Córka martwi się o Beatę Tyszkiewicz. Widuje się tylko z gosposią
Karolina Wajda, najstarsza córka Beaty Tyszkiewicz i Andrzeja Wajdy, chciałaby, aby mama zamieszkała z nią w odziedziczonym dworku. Martwi się, że aktorka żyje samotnie w warszawskim mieszkaniu i widuje się jedynie z córką i gosposią.
Cztery lata temu Beata Tyszkiewicz podjęła decyzję o tym, że znika z życia publicznego. Zrezygnowała z pracy w "Tańcu z gwiazdami" i słuch o niej zaginął. Aktorka żyje samotnie w swoim warszawskim mieszkaniu i nie przyjmuje gości. Widuje się jedynie z najstarszą córką i gosposią. Karolina Wajda nie ukrywa, że martwi się o mamę.

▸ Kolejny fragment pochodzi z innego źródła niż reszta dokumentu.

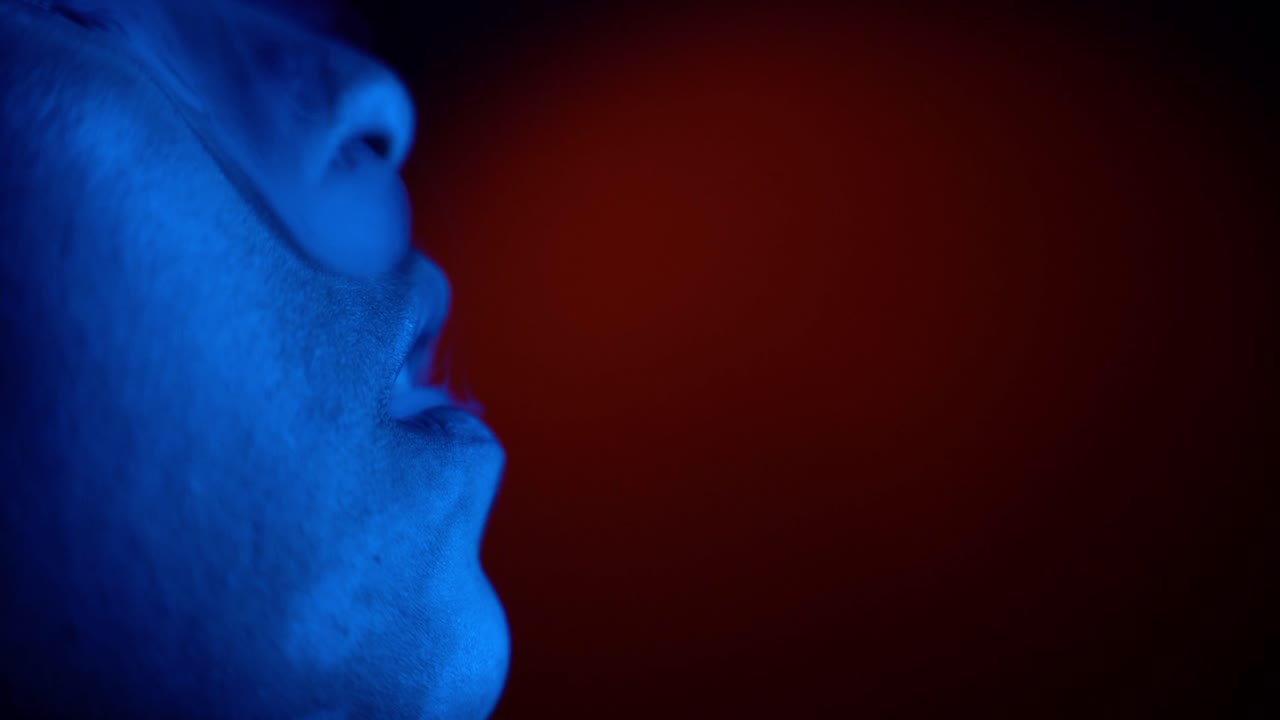 macro en cámara lenta del humo creciente del cigarrillo dentro de la discoteca de fiesta - mujer iluminada en color azul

"Życie w samotności nie jest dobre dla mojej mamy. Namawiam ją, by ze mną zamieszkała, ale ona wciąż mówi 'nie'. Zaproponowałam, że przywiozę jej kota, bo uważam, że zwierzęta pozytywnie wpływają na człowieka, też odmówiła" - powiedziała córka Andrzeja Wajdy i Beaty Tyszkiewicz.
Karolina Wajda odziedziczyła po ojcu dworek z kompleksem parkowym w Głuchach pod Warszawą. W dzieciństwie w posiadłości tej mieszkał Cyprian Kamil Norwid. Córka aktorki i reżysera zarządza nieruchomością, w której znajduje się muzeum wybitnego poety oraz stajnie. Organizuje też rajdy konne. Dla mamy przyszykowała nawet specjalne miejsce.
"Byłabym szczęśliwa, gdyby mama była blisko mnie. Czeka na nią własny pokój z łazienką. Wiem, że mimo rozstania z moim tatą ona kocha to miejsce, tęskni za tarasem, za drzewami owocowymi i ogrodem, ale siłą jej tu nie sprowadzę" - dodała Wajda.